I think you'll have a great time with a generic sci-fi toolbox like Stars Without Number or the 2400 - certainly more fun than raging about a version of this game that was never going to exist.

Veltharis wrote: PossibleCabbage wrote: Like what really changes about Cheliax in terms of its role in the setting if it falls back into civil war where one of the competing factions is explicitly diabolist? There's a story to tell inside of Cheliax about how the Nobility has not done well under Thrune, and neither has the middle class, and both would probably like this to change. I mean, Hell is certainly not popular with everybody in Cheliax, and perhaps not even with the majority. The ability to project power outward against literally any of its neighbors and pose even a semblance of a unified front against anything that might threaten it, up to an including foreign influences that want to tip the scales in favor of one faction or another?
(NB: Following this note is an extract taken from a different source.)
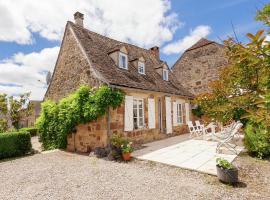 Heritage Cottage with Pool in Badefold d Ans, hytte i Badefols-dʼAns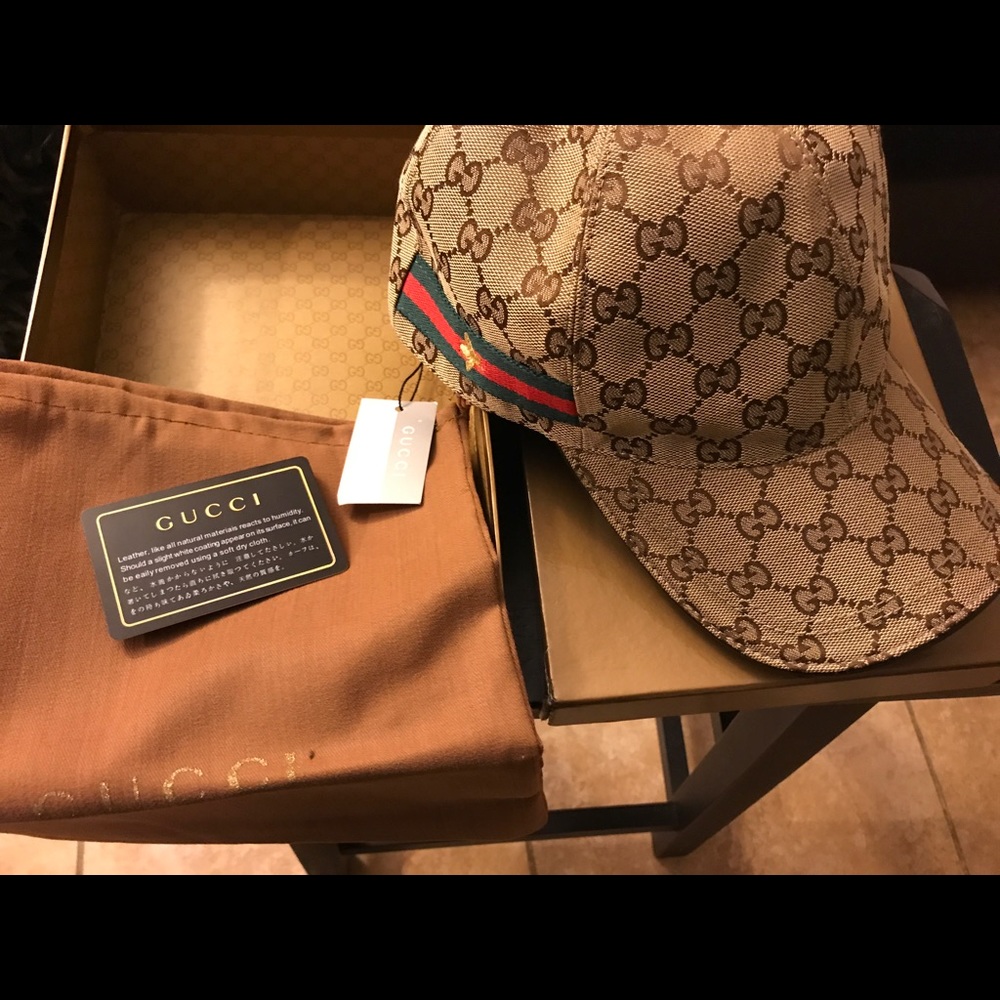 Fashion hat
Its status as a major regional power within the Inner Sea, much less whatever might remain of its colonial ambitions? Cheliax spent 1e doing things like losing much of its navy to fighting with Shackles pirates, losing a whole province (Ravounel) to secession and revolution, and barely keeping a lid on another revolt within the empire's remaining borders. They possess one small colony in Arcadia, one severely limited in power by the Segada Protocol enforced upon it by the indigenous Mahwek; their other Arcadian colony was overrun by undead and failed. Nidal has always been presented as something of an aloof ally, certain they will outlast their 'partners' eventually, and we're about to get an AP about Isger's struggle for freedom from the Chelish yoke. At least one 2e book has said that they've lost the city of Khari to Rahadoum, which would deprive Cheliax of their toehold in Garund.
I don't see the strong, sturdy Cheliax you want on the page very often.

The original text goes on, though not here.